[Image-caption web data]
==========
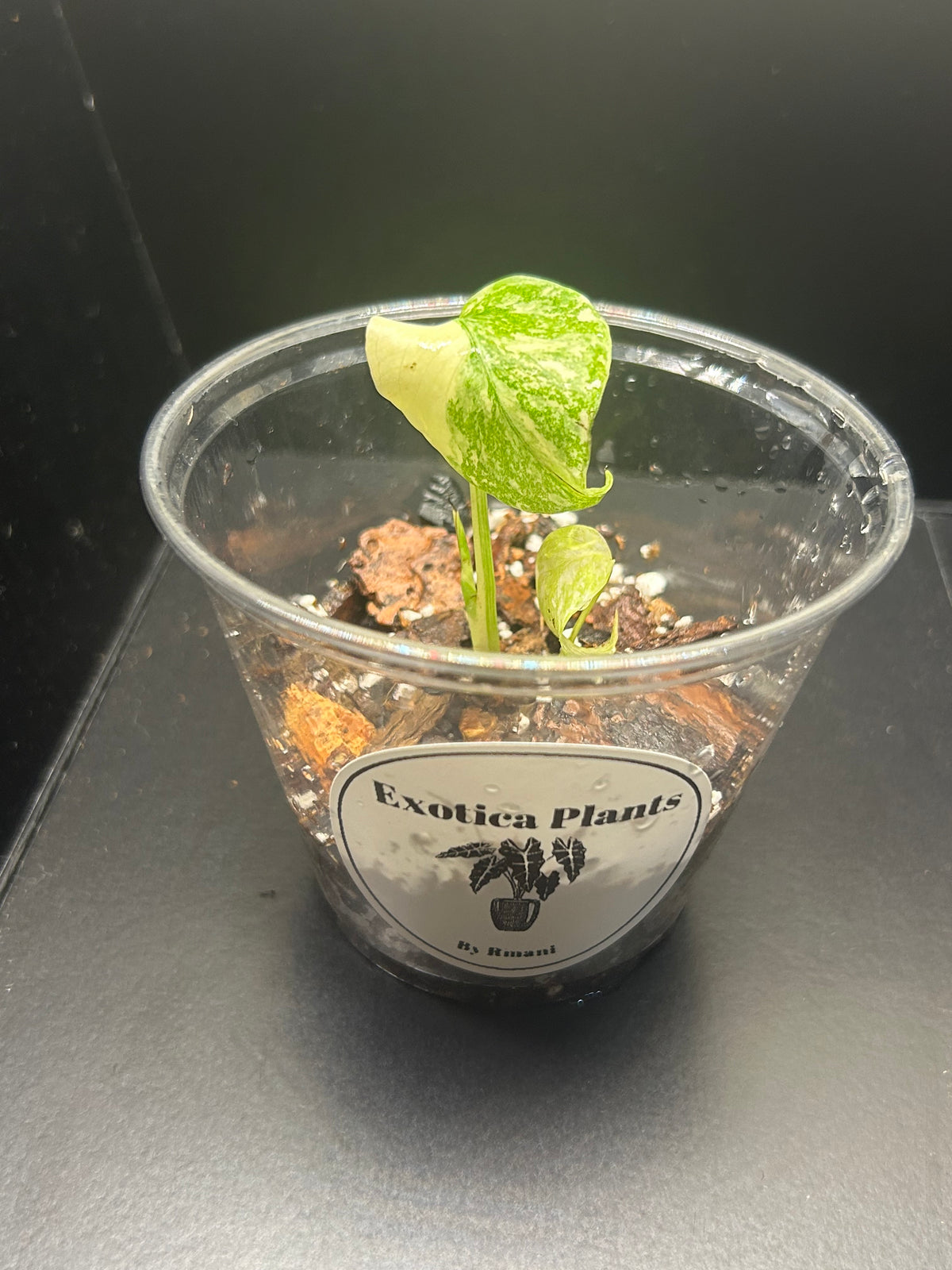 Monstera Creme Brulee (Growers Choice 3in Starter)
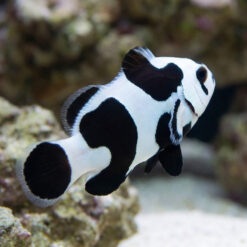 Alternative view of Black Storm Ocellaris Clownfish: Captive Bred
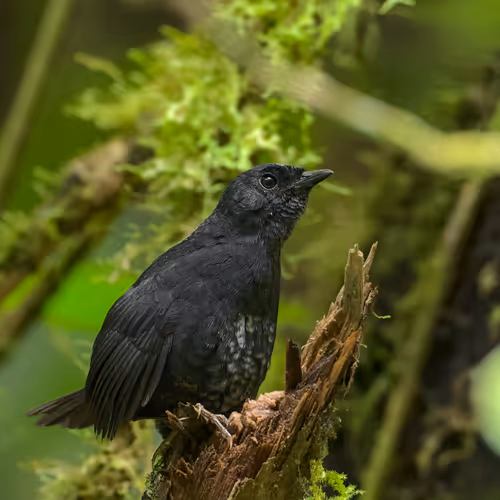 Item #76723362783280478533997952640177478162370392864243199552253501733798143852545 Media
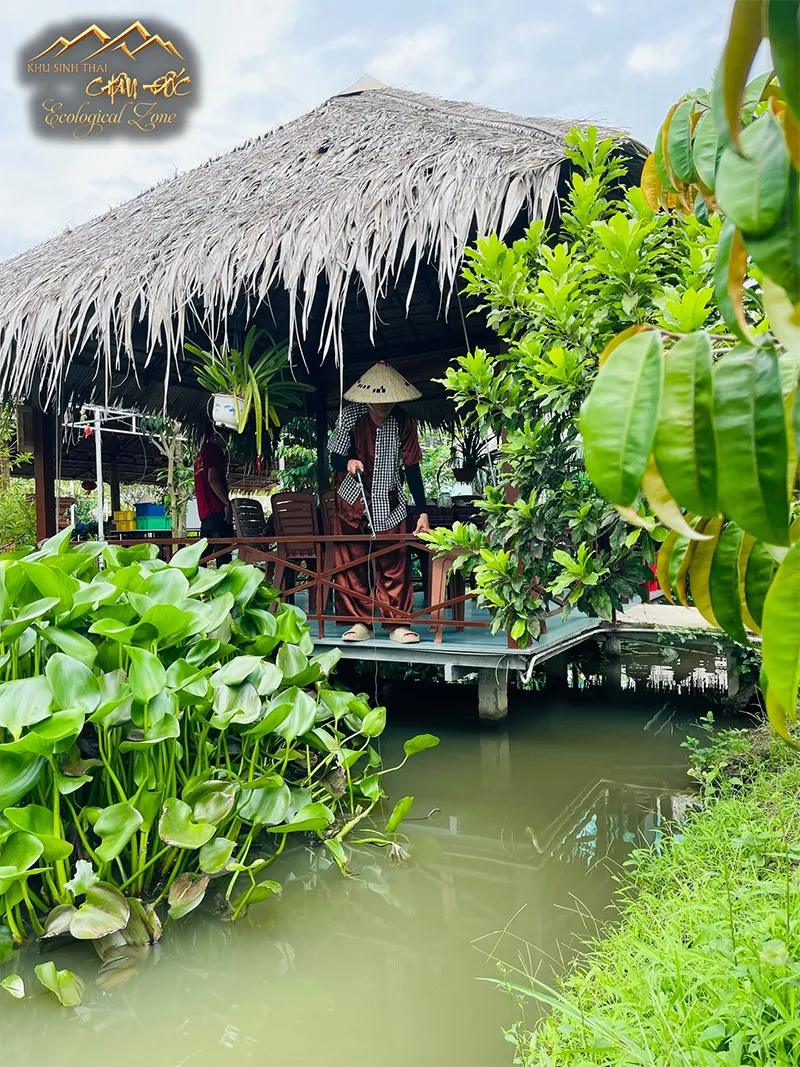 Tải nghiệm câu cá bên hồ cực chiil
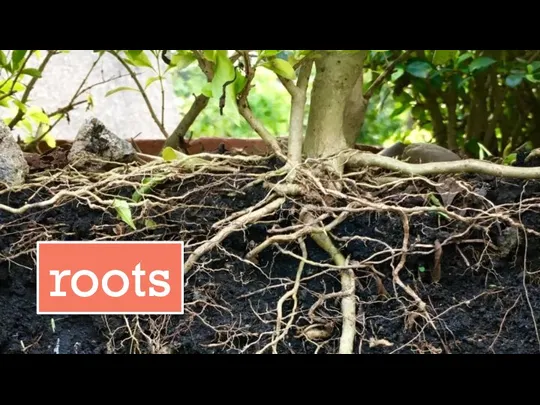 roots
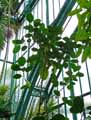Ficus macrostyce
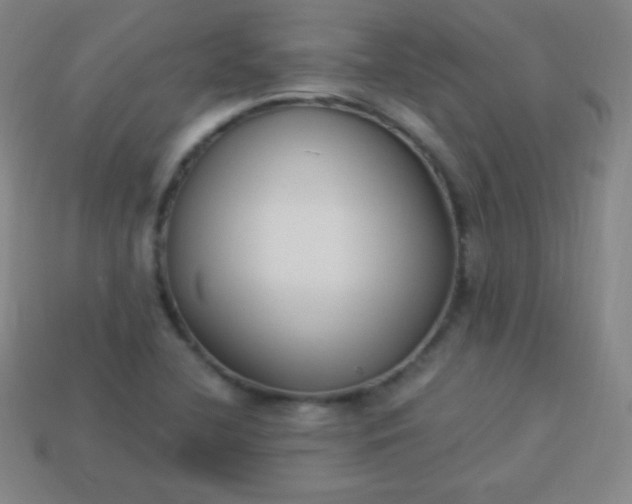 X0000113951412200910091558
==========
(Task details):
Could you restate every entry above word for word, leaving out the pictures?

(Answer for the task):
 Monstera Creme Brulee (Growers Choice 3in Starter)
 Alternative view of Black Storm Ocellaris Clownfish: Captive Bred
 Item #76723362783280478533997952640177478162370392864243199552253501733798143852545 Media
 Tải nghiệm câu cá bên hồ cực chiil
 roots
Ficus macrostyce
 X0000113951412200910091558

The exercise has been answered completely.